### [Problem to solve]
Reproduce the records below; each should match the original exactly.

(Saved entries)
§ §

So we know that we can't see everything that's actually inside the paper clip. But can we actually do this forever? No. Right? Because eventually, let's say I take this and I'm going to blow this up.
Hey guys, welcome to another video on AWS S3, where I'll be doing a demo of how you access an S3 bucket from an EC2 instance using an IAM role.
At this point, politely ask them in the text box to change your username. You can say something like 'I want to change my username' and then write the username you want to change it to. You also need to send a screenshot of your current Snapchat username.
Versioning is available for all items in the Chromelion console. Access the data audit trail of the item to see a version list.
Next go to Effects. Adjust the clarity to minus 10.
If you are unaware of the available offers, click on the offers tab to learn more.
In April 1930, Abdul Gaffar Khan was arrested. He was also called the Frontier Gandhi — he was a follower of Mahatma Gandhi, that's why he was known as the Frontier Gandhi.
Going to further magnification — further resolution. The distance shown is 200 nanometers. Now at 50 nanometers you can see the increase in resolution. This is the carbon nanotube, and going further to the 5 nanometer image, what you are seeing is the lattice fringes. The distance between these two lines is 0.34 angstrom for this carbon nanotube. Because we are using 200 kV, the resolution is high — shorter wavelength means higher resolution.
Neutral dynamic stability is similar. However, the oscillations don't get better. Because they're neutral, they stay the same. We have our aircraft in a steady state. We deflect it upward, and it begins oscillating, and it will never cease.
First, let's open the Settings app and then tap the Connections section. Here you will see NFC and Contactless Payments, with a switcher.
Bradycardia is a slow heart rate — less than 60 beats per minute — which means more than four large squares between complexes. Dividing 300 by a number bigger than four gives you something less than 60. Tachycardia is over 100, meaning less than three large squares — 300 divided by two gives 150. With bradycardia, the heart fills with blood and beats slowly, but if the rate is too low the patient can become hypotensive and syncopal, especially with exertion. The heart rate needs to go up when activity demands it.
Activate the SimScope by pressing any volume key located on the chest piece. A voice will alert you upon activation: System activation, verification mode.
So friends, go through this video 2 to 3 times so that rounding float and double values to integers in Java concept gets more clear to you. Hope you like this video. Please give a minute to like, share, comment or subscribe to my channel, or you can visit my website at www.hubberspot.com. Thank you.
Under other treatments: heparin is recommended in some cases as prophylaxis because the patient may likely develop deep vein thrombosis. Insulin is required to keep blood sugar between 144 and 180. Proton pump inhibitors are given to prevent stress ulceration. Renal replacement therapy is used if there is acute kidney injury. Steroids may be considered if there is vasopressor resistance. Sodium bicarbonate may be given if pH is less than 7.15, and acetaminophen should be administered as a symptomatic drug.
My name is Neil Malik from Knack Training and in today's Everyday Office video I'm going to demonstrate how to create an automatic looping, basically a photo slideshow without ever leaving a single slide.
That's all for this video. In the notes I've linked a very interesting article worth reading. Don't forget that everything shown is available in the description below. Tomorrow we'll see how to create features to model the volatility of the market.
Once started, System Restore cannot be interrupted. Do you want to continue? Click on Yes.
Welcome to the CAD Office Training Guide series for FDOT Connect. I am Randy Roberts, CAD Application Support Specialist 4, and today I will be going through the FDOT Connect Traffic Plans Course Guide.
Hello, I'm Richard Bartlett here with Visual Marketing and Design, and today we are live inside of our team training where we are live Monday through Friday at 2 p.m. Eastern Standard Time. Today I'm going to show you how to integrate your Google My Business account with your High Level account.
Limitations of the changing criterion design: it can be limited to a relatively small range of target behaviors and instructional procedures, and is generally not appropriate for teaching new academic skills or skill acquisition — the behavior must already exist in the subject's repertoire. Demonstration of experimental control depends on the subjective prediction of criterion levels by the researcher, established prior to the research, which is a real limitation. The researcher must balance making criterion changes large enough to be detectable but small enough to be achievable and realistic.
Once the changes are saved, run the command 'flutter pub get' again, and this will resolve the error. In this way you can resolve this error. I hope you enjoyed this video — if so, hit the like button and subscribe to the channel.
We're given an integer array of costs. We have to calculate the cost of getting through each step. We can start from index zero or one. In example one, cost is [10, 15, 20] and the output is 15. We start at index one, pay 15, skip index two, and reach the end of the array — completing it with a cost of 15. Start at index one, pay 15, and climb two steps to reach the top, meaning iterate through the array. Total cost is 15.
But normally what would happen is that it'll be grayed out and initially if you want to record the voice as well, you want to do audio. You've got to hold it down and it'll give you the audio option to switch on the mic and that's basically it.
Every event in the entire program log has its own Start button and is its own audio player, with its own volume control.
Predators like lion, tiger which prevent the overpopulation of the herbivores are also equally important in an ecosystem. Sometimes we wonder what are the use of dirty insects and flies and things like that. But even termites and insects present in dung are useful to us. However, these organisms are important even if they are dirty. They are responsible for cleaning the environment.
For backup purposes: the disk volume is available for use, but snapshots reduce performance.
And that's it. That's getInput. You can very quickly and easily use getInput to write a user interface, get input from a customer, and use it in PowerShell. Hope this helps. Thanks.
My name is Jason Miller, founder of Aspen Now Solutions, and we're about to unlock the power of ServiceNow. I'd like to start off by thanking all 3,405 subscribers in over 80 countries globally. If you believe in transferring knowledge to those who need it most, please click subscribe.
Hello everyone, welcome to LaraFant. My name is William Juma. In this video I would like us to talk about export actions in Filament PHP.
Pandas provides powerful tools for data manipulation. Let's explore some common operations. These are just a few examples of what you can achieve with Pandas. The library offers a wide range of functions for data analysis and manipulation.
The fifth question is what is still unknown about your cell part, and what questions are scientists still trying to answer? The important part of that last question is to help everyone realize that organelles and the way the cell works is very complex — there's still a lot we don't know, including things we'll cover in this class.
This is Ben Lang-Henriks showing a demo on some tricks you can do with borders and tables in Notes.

§ §

### [Answer to the problem]
So we know that we can't see everything that's actually inside the paper clip. But can we actually do this forever? No. Right? Because eventually, let's say I take this and I'm going to blow this up.
Hey guys, welcome to another video on AWS S3, where I'll be doing a demo of how you access an S3 bucket from an EC2 instance using an IAM role.
At this point, politely ask them in the text box to change your username. You can say something like 'I want to change my username' and then write the username you want to change it to. You also need to send a screenshot of your current Snapchat username.
Versioning is available for all items in the Chromelion console. Access the data audit trail of the item to see a version list.
Next go to Effects. Adjust the clarity to minus 10.
If you are unaware of the available offers, click on the offers tab to learn more.
In April 1930, Abdul Gaffar Khan was arrested. He was also called the Frontier Gandhi — he was a follower of Mahatma Gandhi, that's why he was known as the Frontier Gandhi.
Going to further magnification — further resolution. The distance shown is 200 nanometers. Now at 50 nanometers you can see the increase in resolution. This is the carbon nanotube, and going further to the 5 nanometer image, what you are seeing is the lattice fringes. The distance between these two lines is 0.34 angstrom for this carbon nanotube. Because we are using 200 kV, the resolution is high — shorter wavelength means higher resolution.
Neutral dynamic stability is similar. However, the oscillations don't get better. Because they're neutral, they stay the same. We have our aircraft in a steady state. We deflect it upward, and it begins oscillating, and it will never cease.
First, let's open the Settings app and then tap the Connections section. Here you will see NFC and Contactless Payments, with a switcher.
Bradycardia is a slow heart rate — less than 60 beats per minute — which means more than four large squares between complexes. Dividing 300 by a number bigger than four gives you something less than 60. Tachycardia is over 100, meaning less than three large squares — 300 divided by two gives 150. With bradycardia, the heart fills with blood and beats slowly, but if the rate is too low the patient can become hypotensive and syncopal, especially with exertion. The heart rate needs to go up when activity demands it.
Activate the SimScope by pressing any volume key located on the chest piece. A voice will alert you upon activation: System activation, verification mode.
So friends, go through this video 2 to 3 times so that rounding float and double values to integers in Java concept gets more clear to you. Hope you like this video. Please give a minute to like, share, comment or subscribe to my channel, or you can visit my website at www.hubberspot.com. Thank you.
Under other treatments: heparin is recommended in some cases as prophylaxis because the patient may likely develop deep vein thrombosis. Insulin is required to keep blood sugar between 144 and 180. Proton pump inhibitors are given to prevent stress ulceration. Renal replacement therapy is used if there is acute kidney injury. Steroids may be considered if there is vasopressor resistance. Sodium bicarbonate may be given if pH is less than 7.15, and acetaminophen should be administered as a symptomatic drug.
My name is Neil Malik from Knack Training and in today's Everyday Office video I'm going to demonstrate how to create an automatic looping, basically a photo slideshow without ever leaving a single slide.
That's all for this video. In the notes I've linked a very interesting article worth reading. Don't forget that everything shown is available in the description below. Tomorrow we'll see how to create features to model the volatility of the market.
Once started, System Restore cannot be interrupted. Do you want to continue? Click on Yes.
Welcome to the CAD Office Training Guide series for FDOT Connect. I am Randy Roberts, CAD Application Support Specialist 4, and today I will be going through the FDOT Connect Traffic Plans Course Guide.
Hello, I'm Richard Bartlett here with Visual Marketing and Design, and today we are live inside of our team training where we are live Monday through Friday at 2 p.m. Eastern Standard Time. Today I'm going to show you how to integrate your Google My Business account with your High Level account.
Limitations of the changing criterion design: it can be limited to a relatively small range of target behaviors and instructional procedures, and is generally not appropriate for teaching new academic skills or skill acquisition — the behavior must already exist in the subject's repertoire. Demonstration of experimental control depends on the subjective prediction of criterion levels by the researcher, established prior to the research, which is a real limitation. The researcher must balance making criterion changes large enough to be detectable but small enough to be achievable and realistic.
Once the changes are saved, run the command 'flutter pub get' again, and this will resolve the error. In this way you can resolve this error. I hope you enjoyed this video — if so, hit the like button and subscribe to the channel.
We're given an integer array of costs. We have to calculate the cost of getting through each step. We can start from index zero or one. In example one, cost is [10, 15, 20] and the output is 15. We start at index one, pay 15, skip index two, and reach the end of the array — completing it with a cost of 15. Start at index one, pay 15, and climb two steps to reach the top, meaning iterate through the array. Total cost is 15.
But normally what would happen is that it'll be grayed out and initially if you want to record the voice as well, you want to do audio. You've got to hold it down and it'll give you the audio option to switch on the mic and that's basically it.
Every event in the entire program log has its own Start button and is its own audio player, with its own volume control.
Predators like lion, tiger which prevent the overpopulation of the herbivores are also equally important in an ecosystem. Sometimes we wonder what are the use of dirty insects and flies and things like that. But even termites and insects present in dung are useful to us. However, these organisms are important even if they are dirty. They are responsible for cleaning the environment.
For backup purposes: the disk volume is available for use, but snapshots reduce performance.
And that's it. That's getInput. You can very quickly and easily use getInput to write a user interface, get input from a customer, and use it in PowerShell. Hope this helps. Thanks.
My name is Jason Miller, founder of Aspen Now Solutions, and we're about to unlock the power of ServiceNow. I'd like to start off by thanking all 3,405 subscribers in over 80 countries globally. If you believe in transferring knowledge to those who need it most, please click subscribe.
Hello everyone, welcome to LaraFant. My name is William Juma. In this video I would like us to talk about export actions in Filament PHP.
Pandas provides powerful tools for data manipulation. Let's explore some common operations. These are just a few examples of what you can achieve with Pandas. The library offers a wide range of functions for data analysis and manipulation.
The fifth question is what is still unknown about your cell part, and what questions are scientists still trying to answer? The important part of that last question is to help everyone realize that organelles and the way the cell works is very complex — there's still a lot we don't know, including things we'll cover in this class.
This is Ben Lang-Henriks showing a demo on some tricks you can do with borders and tables in Notes.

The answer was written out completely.